5. Increased scrutiny at point of sale

Even if the original purchase proceeded without incident, the Land Department now routinely requests documentation confirming the source of funds and the identity of the true beneficial owner at the time of resale.

FAQ

Can a foreigner own land in Thailand? No. The Land Code Act explicitly prohibits foreign land ownership. There is a narrow exception for investments of at least 40 million baht channelled through the Board of Investment (BOI), but the conditions are highly restrictive and rarely applicable to private buyers.

How many condominiums can a foreigner purchase? There is no limit on the number of units. The only restriction is the 49% foreign quota applied to the total floor area of each individual condominium building.

What happens to property when a nominee structure is discovered? The Land Department can annul the title deed. Assets become subject to forced sale proceedings. The foreign national faces criminal charges under the FBA.

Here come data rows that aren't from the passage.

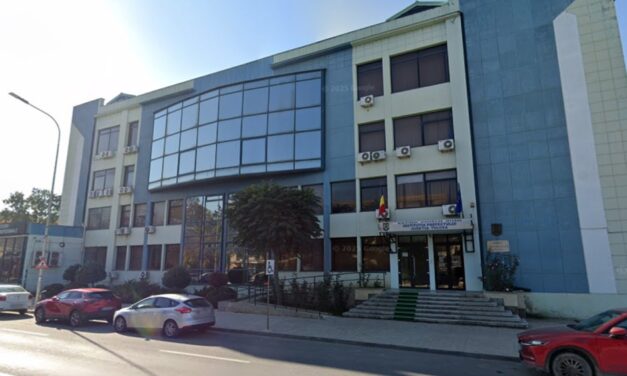 Prefectura Tulcea pierde doi angajaţi după ordonanţa de reformare a administraţiei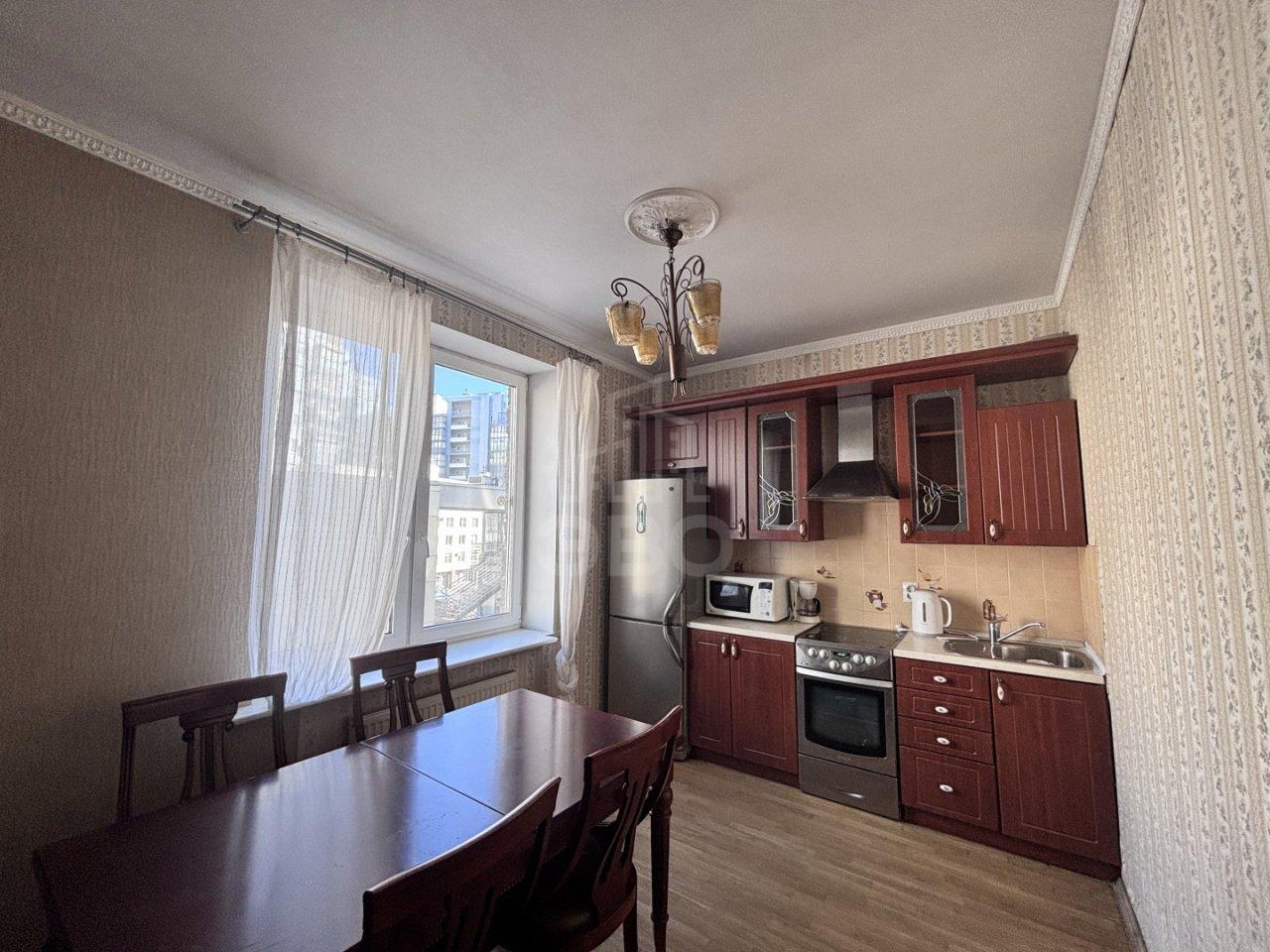 двухкомнатная квартира в Санкт-Петербурге по адресу: Кораблестроителей ул., 32, к 3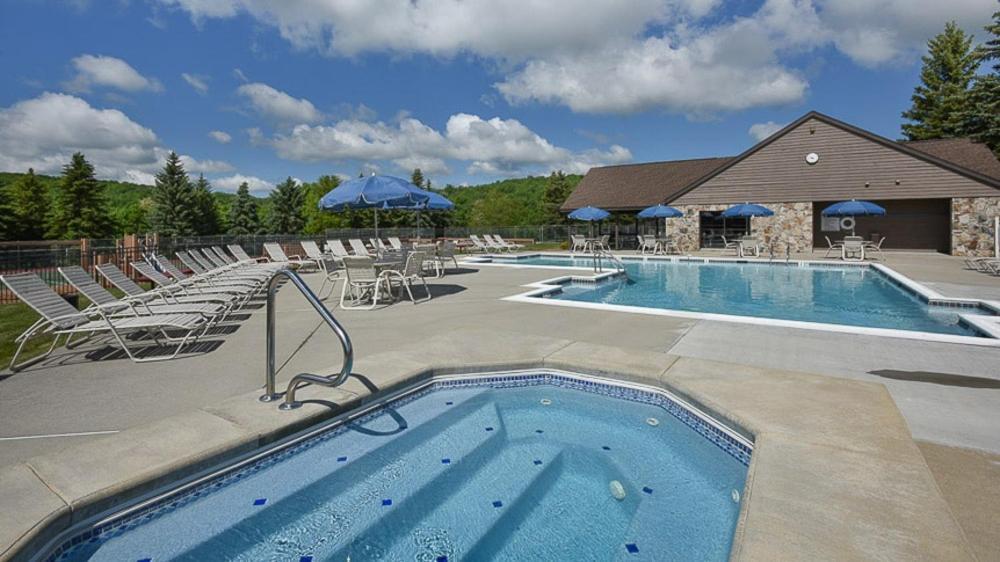 Apartment Seven Springs Sunridge 2 Bedroom Standard Condo, Ski-in Out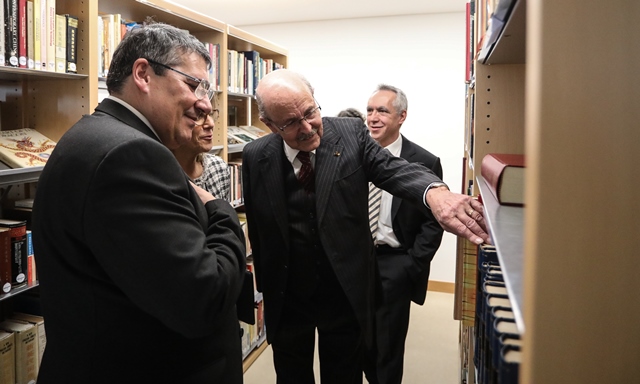 Thumbnail da galeria Inauguração da Biblioteca Fernão Mendes Pinto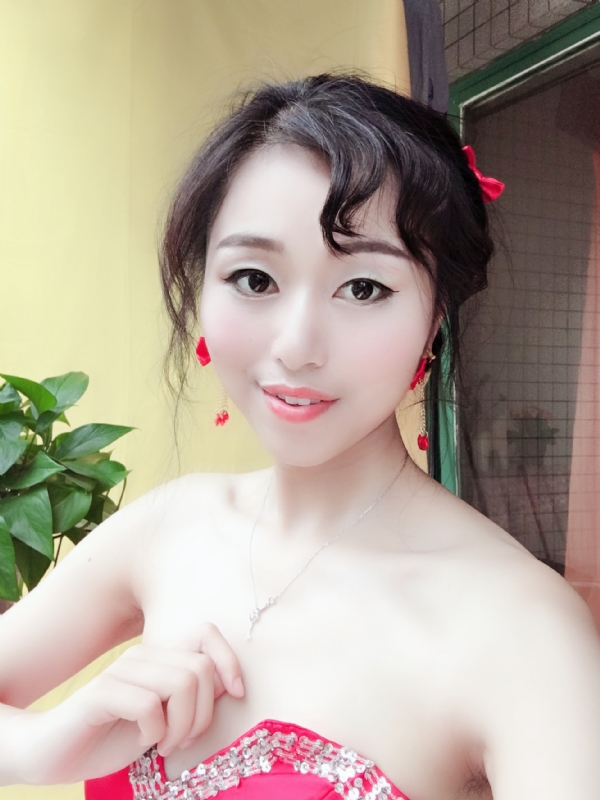 薇薇的第一张照片--珠海相亲服务中心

Can a 30-year leasehold actually be extended? Only the initial 30-year term is legally binding. Renewal depends on the goodwill of the landowner. A well-drafted lease agreement incorporating superficies rights and security provisions substantially reduces the risk of a renewal being refused.

How can I verify whether a company uses a nominee structure? Request the shareholder register from the Department of Business Development (DBD). If Thai individual shareholders appear as co-owners across dozens of companies with no visible personal income, this is a classic indicator of a nominee arrangement.

Which areas of Thailand see the most nominee-related cases? Phuket, Koh Samui, Pattaya, and Chiang Mai. These locations concentrate the highest foreign demand for villas with land.

Is there an amnesty for investors already using nominees? No. The Thai government has discussed legalising foreign land ownership on multiple occasions, but no such legislation has been passed.

Can a Thai spouse hold land on behalf of a foreign partner? Yes, but at the time of purchase, the foreign spouse must sign a declaration confirming that the funds used do not belong to them. This creates a distinct legal situation with its own risks, particularly in the event of divorce.

Which is better: a freehold condo or a leasehold villa? It depends on your objective. For rental income and liquidity, a freehold condominium performs better. For personal residential use, a villa is more comfortable, but exiting the investment is considerably more complex.

The arrest of the Chinese investor in June 2026 is not an extraordinary event - it is part of a new normal. Thai authorities are systematically closing loopholes that foreign buyers have exploited for decades. For any serious international investor, the only viable strategy in 2026 is to operate exclusively within legal frameworks: freehold condominiums, registered leaseholds, or usufruct rights. Any attempt to cut costs through grey-area structures risks the total and unrecoverable loss of the asset.